> [Given entries]:
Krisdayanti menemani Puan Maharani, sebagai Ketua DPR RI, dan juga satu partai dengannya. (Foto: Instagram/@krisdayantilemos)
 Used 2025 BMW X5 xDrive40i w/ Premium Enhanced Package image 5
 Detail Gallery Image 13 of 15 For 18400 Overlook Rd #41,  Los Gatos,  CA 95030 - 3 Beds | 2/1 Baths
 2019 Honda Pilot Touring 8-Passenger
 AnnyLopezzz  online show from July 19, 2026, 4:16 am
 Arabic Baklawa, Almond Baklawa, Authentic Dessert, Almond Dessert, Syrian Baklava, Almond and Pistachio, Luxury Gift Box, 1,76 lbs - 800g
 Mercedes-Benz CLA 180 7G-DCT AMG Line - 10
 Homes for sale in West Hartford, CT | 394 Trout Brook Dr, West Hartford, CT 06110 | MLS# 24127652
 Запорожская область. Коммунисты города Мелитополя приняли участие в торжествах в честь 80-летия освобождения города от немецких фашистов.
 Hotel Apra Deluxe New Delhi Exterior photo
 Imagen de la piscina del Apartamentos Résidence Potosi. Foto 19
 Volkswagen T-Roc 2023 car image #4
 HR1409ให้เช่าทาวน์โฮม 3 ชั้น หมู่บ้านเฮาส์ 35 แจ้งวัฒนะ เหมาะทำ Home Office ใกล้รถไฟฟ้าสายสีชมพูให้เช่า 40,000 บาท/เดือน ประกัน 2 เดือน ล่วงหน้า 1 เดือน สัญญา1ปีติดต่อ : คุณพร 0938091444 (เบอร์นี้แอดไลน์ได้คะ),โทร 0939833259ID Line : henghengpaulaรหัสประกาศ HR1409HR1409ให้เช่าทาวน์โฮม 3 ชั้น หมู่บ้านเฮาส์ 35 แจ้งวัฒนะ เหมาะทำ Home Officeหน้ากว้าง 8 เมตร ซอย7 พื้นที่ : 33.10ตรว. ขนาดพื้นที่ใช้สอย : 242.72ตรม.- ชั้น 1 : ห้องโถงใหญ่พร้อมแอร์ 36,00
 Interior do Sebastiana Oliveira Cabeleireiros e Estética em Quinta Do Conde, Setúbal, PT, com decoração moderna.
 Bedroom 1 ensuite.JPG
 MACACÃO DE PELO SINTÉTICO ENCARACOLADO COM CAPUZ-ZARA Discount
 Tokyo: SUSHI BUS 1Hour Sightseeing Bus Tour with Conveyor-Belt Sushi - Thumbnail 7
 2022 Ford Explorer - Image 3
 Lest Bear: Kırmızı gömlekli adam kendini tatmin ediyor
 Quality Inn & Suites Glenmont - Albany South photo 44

> [The task]: Filtering the entries above by the word "Foto", copy each line that matches.

> [Solution to the exercise]:
Krisdayanti menemani Puan Maharani, sebagai Ketua DPR RI, dan juga satu partai dengannya. (Foto: Instagram/@krisdayantilemos)
 Imagen de la piscina del Apartamentos Résidence Potosi. Foto 19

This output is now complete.